Finché ci identifichiamo con il nome, la professione, il ruolo, i sentimenti che ci attraversano, non possiamo fare altro che muoverci nel buio di quanto crediamo in sostituzione di quanto siamo. Attribuendoci il bene, non possiamo che perpetrare il male. Esso attraversa le persone come la tensione un cavo di rame, ma colpevolizzarle e, di conseguenza, autoreferenzialmente assolverci è l’arguto gioco luciferino.

I cristiani lo chiamano inferno.

Lorenzo Merlo 




Commento/integrazione di Paolo D'Arpini

Inferno e paradiso. 

Vi racconto una storiella  zen messa in scena  in una grotta di Calcata, tanti anni fa...

Un giorno un samurai, un grande soldato, andò dal maestro spirituale Hakuin e chiese: “Esiste un inferno? Esiste un paradiso? Se esistono l’inferno e il paradiso, da dove si entra?”. Era un semplice guerriero. I guerrieri sono privi di astuzia nelle mente. I guerrieri conoscono solo due cose: la vita e la morte. Il samurai non era venuto per imparare una dottrina, non voleva dogmi, voleva sapere dov’erano le porte per evitare l’inferno ed entrare in paradiso. 

Hakuin chiese: “Chi sei tu?”. Il guerriero rispose: “Sono un samurai”. In Giappone essere un samurai è motivo di grande orgoglio. Significa essere un guerriero perfetto.
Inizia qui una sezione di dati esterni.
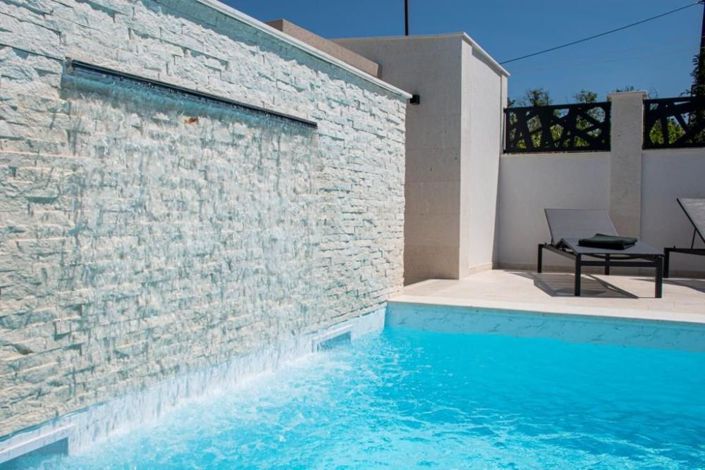 Image No.4-6 Bed Property for sale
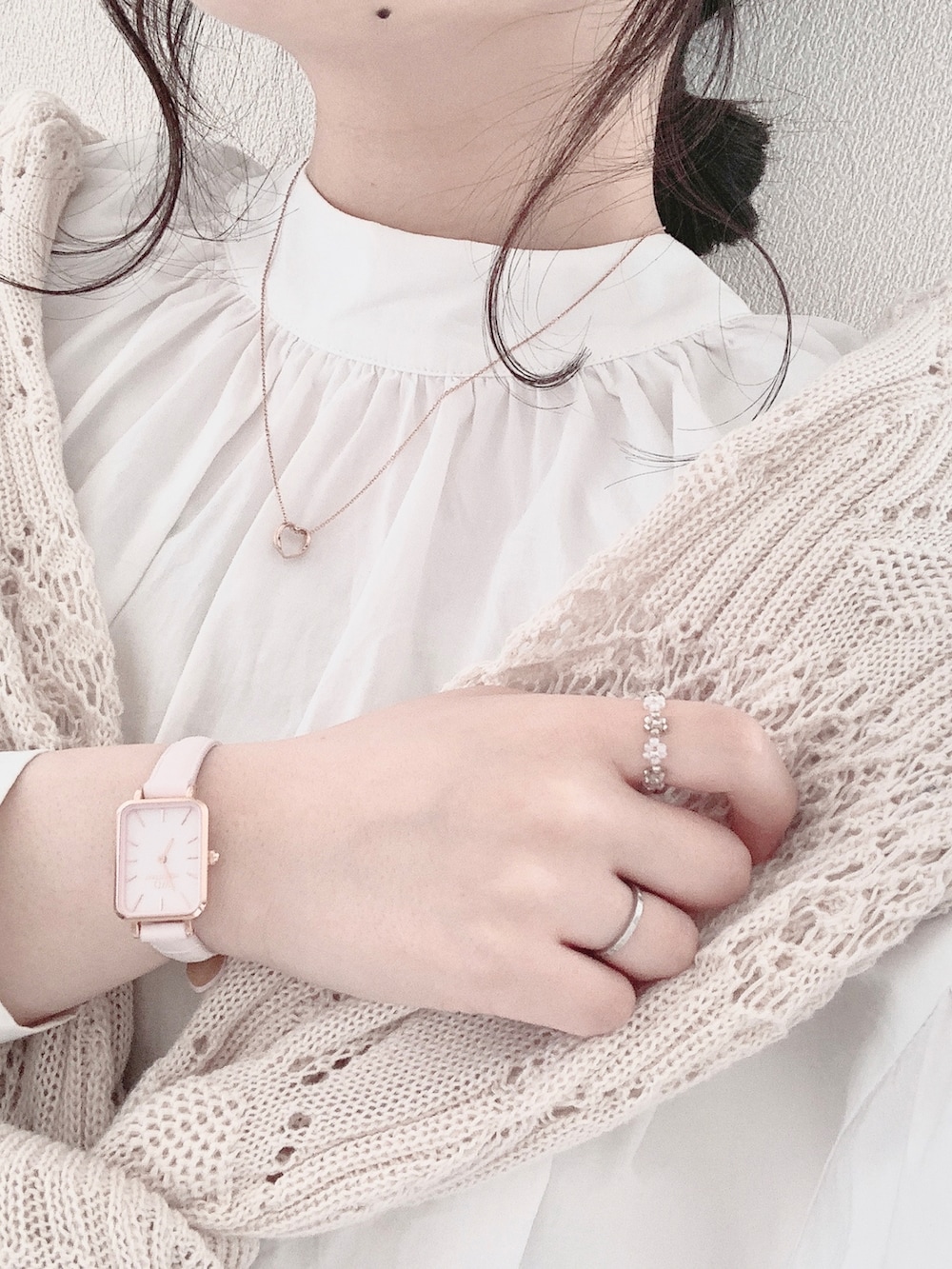 ホワイト系のシャツ/ブラウス、ベージュ系のハンドバッグ、ブルー系のデニムパンツを着用したレディースの春コーディネートの4枚目の写真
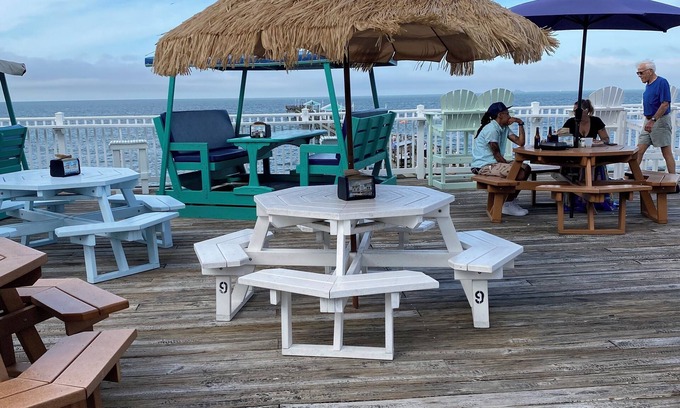 Norfolk Cabaña | Charming Captain’s Cottage just steps from Willoughby Beach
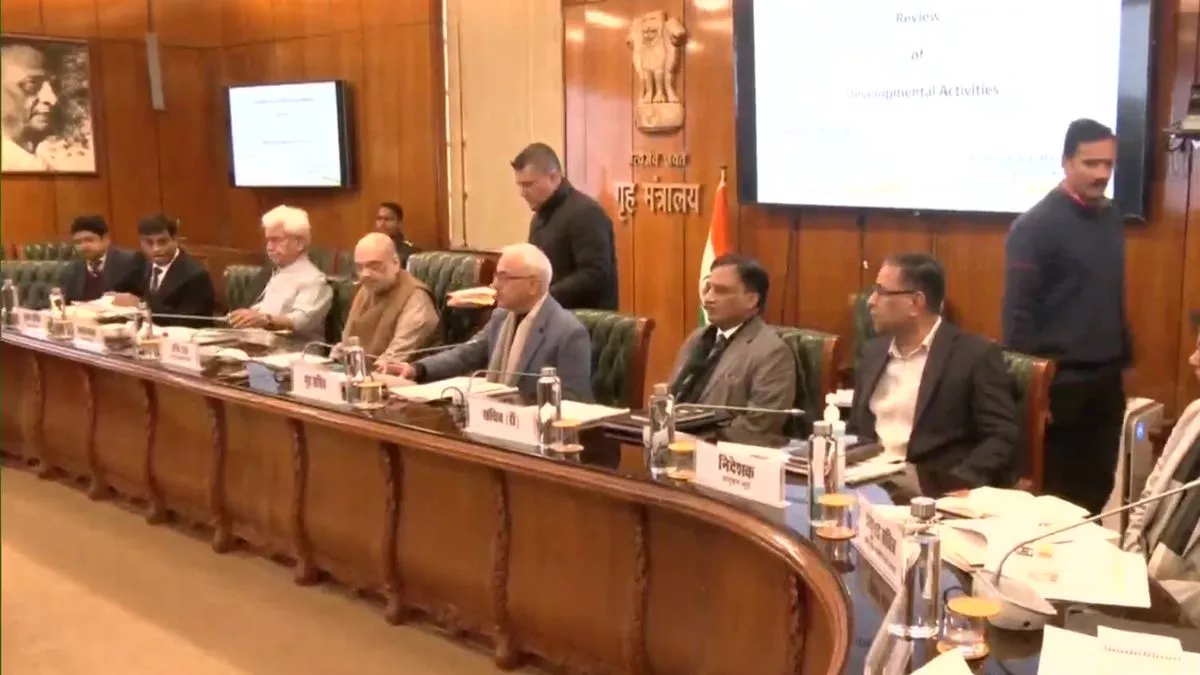 home-minister-amit-shah-held-a-meeting-on-jammu-and-kashmir-discussed-the-security-situation-and-development-programs-in-the-valley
Un uomo che non esiterebbe un attimo a dare la vita. “Sono un grande guerriero. Perfino l’imperatore mi rispetta”. Hakuin rise e disse: “Tu, un samurai? Sembri un mendicante!”.  L’uomo si sentì ferito nell’orgoglio. Sfoderò la spada, con l’intenzione di uccidere Hakuin. Il maestro rise: “Hai una spada? Sicuramente non sarà affilata" Il samurai colmo d'ira si preparò a colpire il saggio. E Hakuin replicò: "Questa è la porta dell’inferno”.  Il samurai rinfoderò la spada e Hakuin disse: “Qui si apre la porta del paradiso”. 

(L’inferno e il paradiso sono dentro di te. Entrambe le porte sono dentro di te. Quando ti comporti in modo inconsapevole, si apre la porta dell’inferno; quando sei attento e consapevole, si apre la porta del paradiso. La mente è entrambi il paradiso e l’inferno, perché la mente ha la capacità di diventare sia l’uno che l’altro. Ma la gente continua a pensare che tutto esista in un luogo imprecisato all’esterno.)